_INFORMATION PROVIDED_:
◇ ◇ ◇
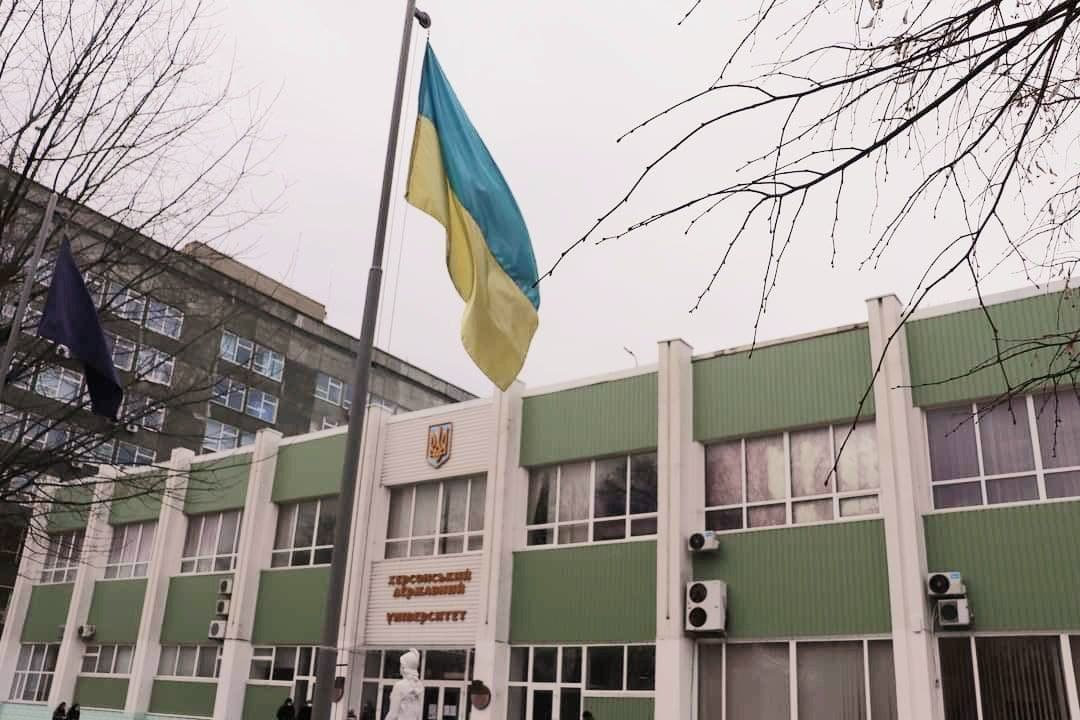 ХДУ об’єднується!
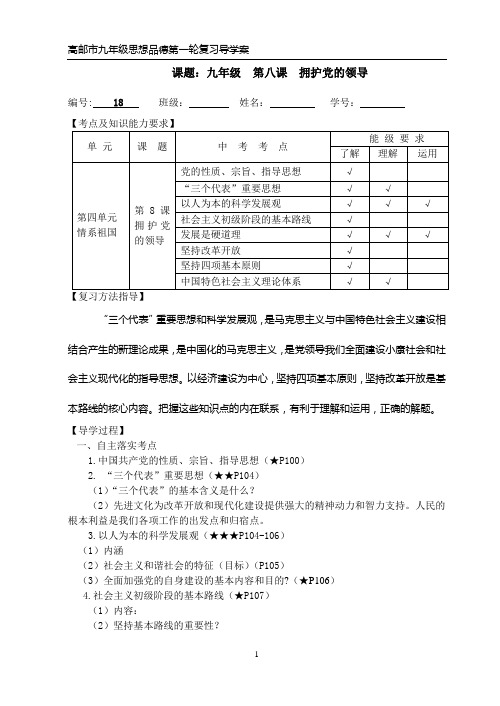 九年级思想品德第八课复习课导学案(学)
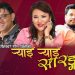 सत्यकला राईको आवाजमा रहेको ‘¥याइँ ¥याइँ सारङ्गी’ गीतको भिडियो सार्वजनिक ।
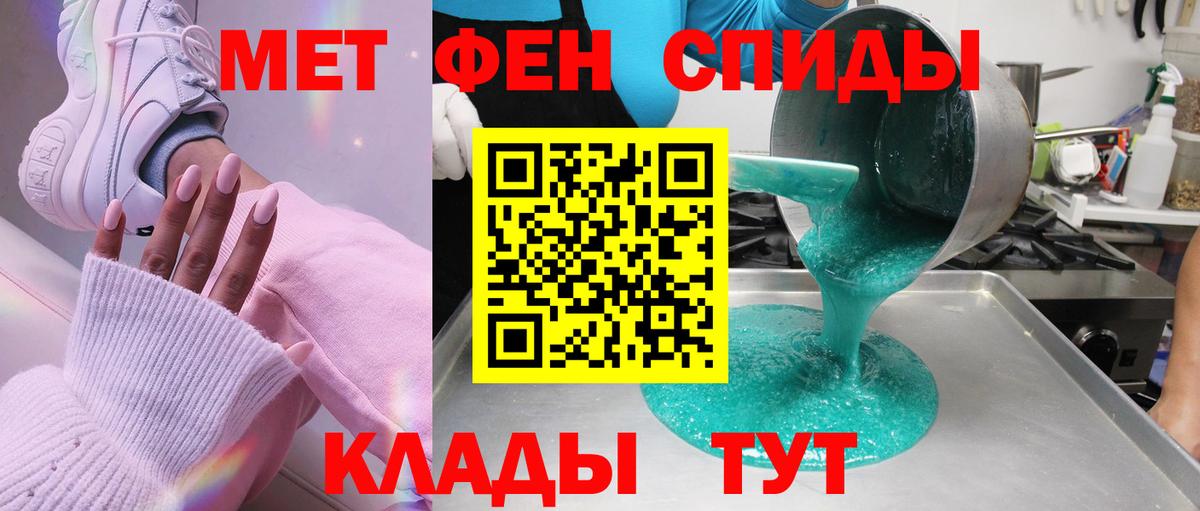 Азнакаево  МЕТАМФЕТАМИН кристалл  МЕТАМФЕТАМИН кристалл  Вход с VPN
◇ ◇ ◇
_YOUR GOAL_: Would you repeat each line of the listing exactly, skipping any picture?

_ANSWER AREA_:
 ХДУ об’єднується!
 九年级思想品德第八课复习课导学案(学)
 सत्यकला राईको आवाजमा रहेको ‘¥याइँ ¥याइँ सारङ्गी’ गीतको भिडियो सार्वजनिक ।
 Азнакаево  МЕТАМФЕТАМИН кристалл  МЕТАМФЕТАМИН кристалл  Вход с VPN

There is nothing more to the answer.